I got a new high-end whistle I want to tell you about. I include some photos too. First of all, I am not qualified to do a real review of it since my wife and I have been playing Irish music on Generation whistles for many years (actually, a combined 35 years-yikes!) and have limited experience with expensive whistles. . Up until this week my best whistle was a Generation Bb shortened to a B by pipe-maker,Geoff Wooff ( to play in pitch with my pipes). This new whistle was built by Michael Grinter in Australia. http://www.castlemaine.net.au/~grinter/ He is a first-rate recorder and †flute maker who has begun making whistles. As far as I know,he has only made a few, pitched in low F but has plans to make more in other pitches. Kevin Crawford and Sean Smyth in the band,Lunasa, play these F whistles. I bought the whistle from my friend Paul Groff at Groff's Music in Cambridge,MA (617) 499-9928. He has established a relationship with Grinter and sells his instruments here in the US. Paul has 3 of Grinter's wooden flutes (also first-rate) at present, but no whistles. He does have more whistles on order. This beautiful 2-piece whistle is made of Kingwood, a type of rosewood, although he uses many kinds of wood. It has brass rings and a brass tuning slide. The wood is turned very thin so the whistle feels light as a feather. The craftsmanship is impeccable. The mouthpiece is similar in shape to a Susato but all wood, with a cedar plug pinned in with a brass pin. †The tone holes are pretty large and the lowest hole is set very low so one must have fairly big fingers and hands to do it justice. I can play it without using piper fingering.

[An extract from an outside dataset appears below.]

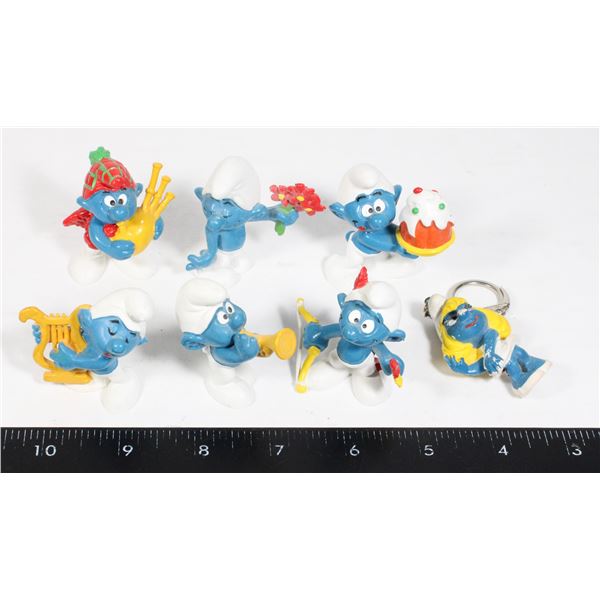 VINTAGE PEYO SMURF FIGURES
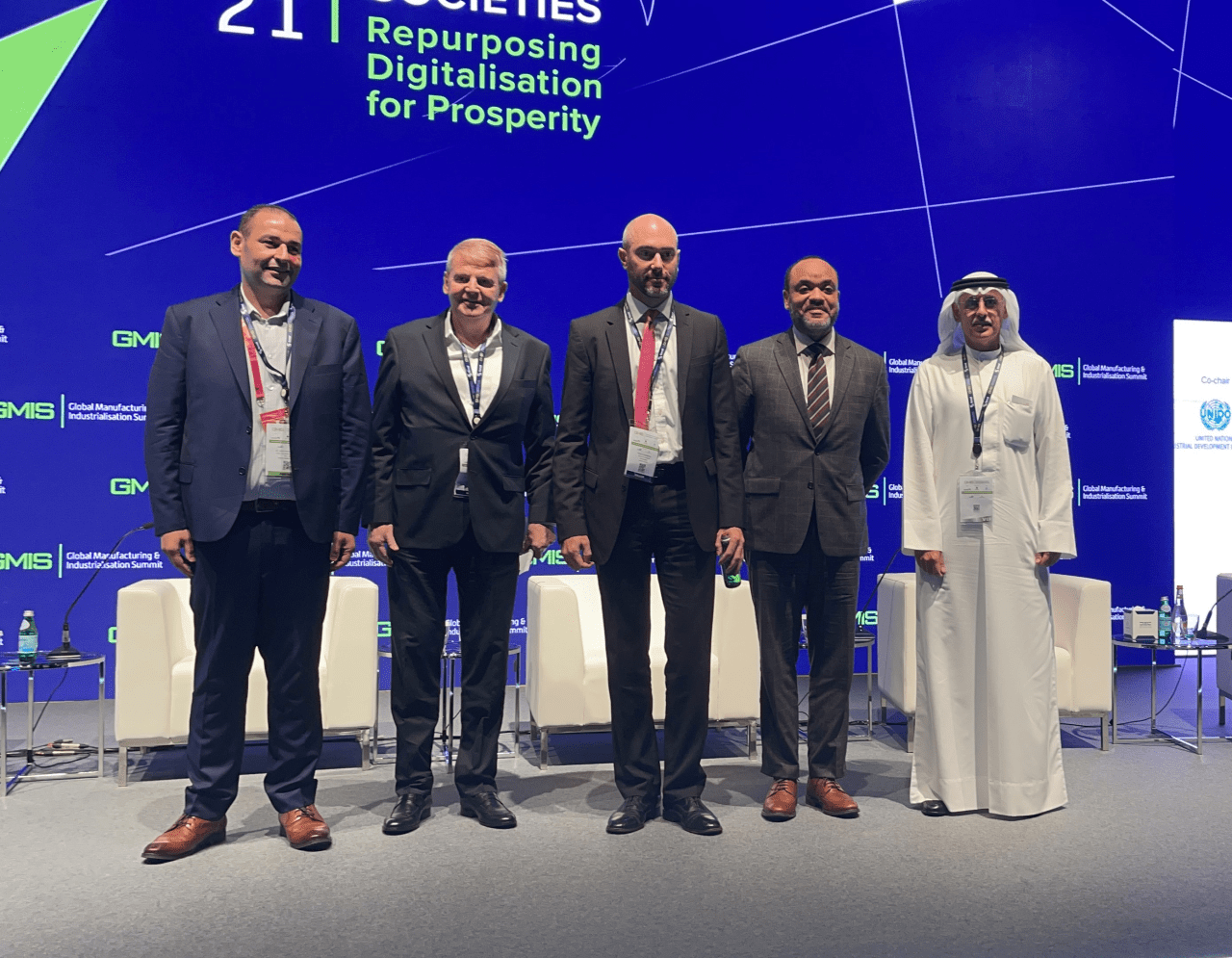 وزير الصناعة والتجارة والسياحة متحدثاً في القمة العالمية للصناعة والتصنيع في إكسبو 2020 في دبي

My wife's small hands won't do the job and she is looking forward to a smaller,higher pitched whistle like it. †The whistle is loud and easy to blow but requires a fair bit of air, especially in the upper octave. The intonation is excellent across both octaves. The low D is easy to hit and cran. The sound is more like an Irish flute than any whistle I've played. Playing fast, it has the woody chiff that can give the 'bark' some flute players use. The thing in really alive, you can feel the vibrations in your hands as you play. The big round tone sounds wonderful playing airs. It is a great whistle and Grinter is sure to rank among the top makers.